> Task description
Only the lines from the one holding "Waarda Series - Bush Secrets (Paperback)" to the final line of the material below belong in the answer, transcribed exactly.

> Dataset records

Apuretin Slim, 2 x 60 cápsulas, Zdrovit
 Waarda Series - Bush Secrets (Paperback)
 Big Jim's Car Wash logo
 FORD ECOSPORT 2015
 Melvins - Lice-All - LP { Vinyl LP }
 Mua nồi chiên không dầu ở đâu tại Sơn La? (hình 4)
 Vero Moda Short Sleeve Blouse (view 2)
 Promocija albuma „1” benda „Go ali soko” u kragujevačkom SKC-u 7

> Task result
 Waarda Series - Bush Secrets (Paperback)
 Big Jim's Car Wash logo
 FORD ECOSPORT 2015
 Melvins - Lice-All - LP { Vinyl LP }
 Mua nồi chiên không dầu ở đâu tại Sơn La? (hình 4)
 Vero Moda Short Sleeve Blouse (view 2)
 Promocija albuma „1” benda „Go ali soko” u kragujevačkom SKC-u 7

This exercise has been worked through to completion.